Introduction

Novel coronavirus disease (COVID-19) is a rapidly evolving pandemic that is threatening health systems worldwide. At the time of writing (9 April 2020), there are almost 1.5 million confirmed cases and over 85,000 deaths globally [1]. Older people, males and healthcare workers are disproportionally affected [2, 3].

Ireland like other European countries is struggling to contain this pandemic. The first case of COVID-19 was identified in Ireland at the end of February, and at the time of writing, there are 8089 confirmed cases and 263 COVID-related deaths [4]. Ireland was quick to respond to WHO guidance on the management of COVID-19 and implemented school and business closures at an early stage. Irish public health experts have expressed satisfaction at the public’s compliance with social distancing and self-isolation measures. These efforts appear to be flattening the curve with reduction in the rates of new infections [4]. However, concern has been expressed about the levels of and delays in testing and the capacity of our hospital and community services to cope with the expected surge in new cases.

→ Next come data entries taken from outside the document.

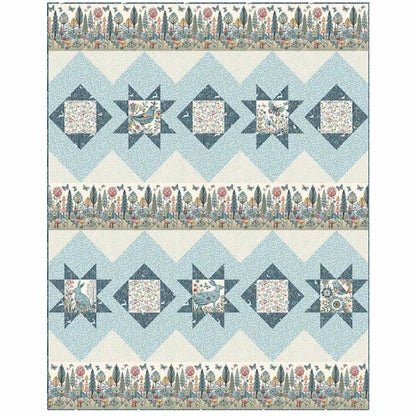 The Charlie "A Norwegian Stroll Quilt Pattern" features two rows of star motifs with floral centers, blue geometric accents, and a colorful floral border on pale blue and cream diamond backgrounds for a timeless Scandinavian look.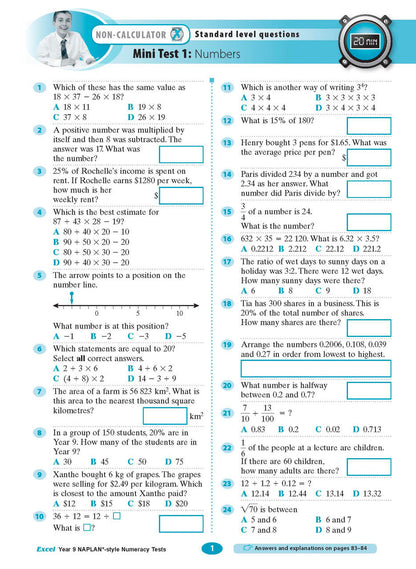 Excel Year 9 NAPLAN*-style Numeracy Tests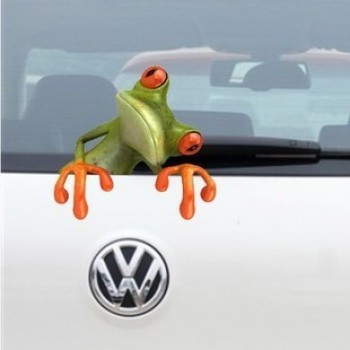 定制卡通青蛙生动个性3d可爱搞笑汽车装饰贴汽车贴纸防水房蜥蜴拉花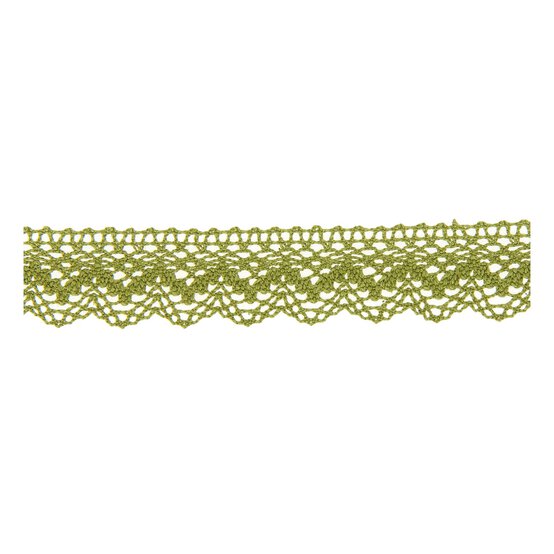 Olive Green 25mm Scallop Cotton Lace Trim by the Metre image number 1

The global burden of disease due to opioid use is increasing. Worldwide, there are an estimated 40.5 million people opioid dependant resulting in over 100,000 deaths annually [5]. Opioid users, in particular, people who inject opioids have increased physical and mental health care needs that make them particularly vulnerable during this pandemic [5, 6]. They are also at increased risk of homelessness and imprisonment; factors which impact negatively on their ability to social distance and self-isolate [6, 7]. There is an increased prevalence of HIV and hepatitis C infection among people who inject drugs further increasing their vulnerability [8]. To date there is no reports on the impact of COVID-19 on opioid users, but it is reasonable to expect that it will be significant.

It is recognised that opioid agonist treatment (OAT) is a safe and effective treatment that reduces illicit drug use, reduces the transmission of blood borne viruses (BBV), reduces mortality and improves mental and physical wellbeing [5, 9]. Engagement and retention in treatment improve outcomes with disruption in OAT (particularly on release from prison) associated with increased risk of overdose [9]. There are already many existing treatment deficits for opioid users which include inadequate access to OAT, needle and syringe exchange, naloxone programmes and overdose prevention advice [10]. Like other health care settings, drug treatment services will be presented with additional challenges during the COVID-19 pandemic. Priorities for addiction services include increasing access to OAT and maintaining continuity of care while protecting frontline staff [11].

Ireland like other European countries has a growing cohort of older drug users (over 40), mainly male, many who started heroin injecting in the late 1970s and early 1980s. Studies show that drug use exacerbates cardiovascular and respiratory disease and accelerates metabolic aging [7]. Older drug users are often more socially excluded, isolated from family, living in unstable accommodation and have higher levels of physical and mental health problems compared to their peers in the general population or younger drug users [7]. As COVID-19 disproportionally affects the older population and those with underlying conditions, this older drug users fall into an at-risk group.

Opioid use in Ireland is declining, particularly among younger drug users [12]. There are an estimated 18,000 opioid users in Ireland with over 10,000 on OAT [12, 13]. There is a large national network of specialist GPs providing OAT in addiction centres and in primary care. However, treatment deficits remain, particularly in smaller towns outside the larger urban centres where waiting times for OAT can be longer than 6 months [13]. People who use drugs (PWUD) who have been unable to access OAT to date are unlikely to follow public health advice if they are suffering withdrawal symptoms. It is therefore in the interest of both PWUD and society in general that they are provided with access to OAT as efficiently as possible.

During the COVID-19 crisis, healthcare is increasingly being delivered remotely [14, 15]. These models can reduce the risks to patients, healthcare staff and the public. This report describes a remote national model of OAT delivery that may inform other healthcare systems on delivering care to PWUD and others during these challenging times.

Model development

Historically, a small number of OAT services have successfully used telemedicine for hepatitis c treatment and providing psychological and other supports [16,17,18]. Mental health services have also demonstrated success with remote care and of course general practice was one of the first medical specialities to adapt to its use to manage COVID-19 [14, 19].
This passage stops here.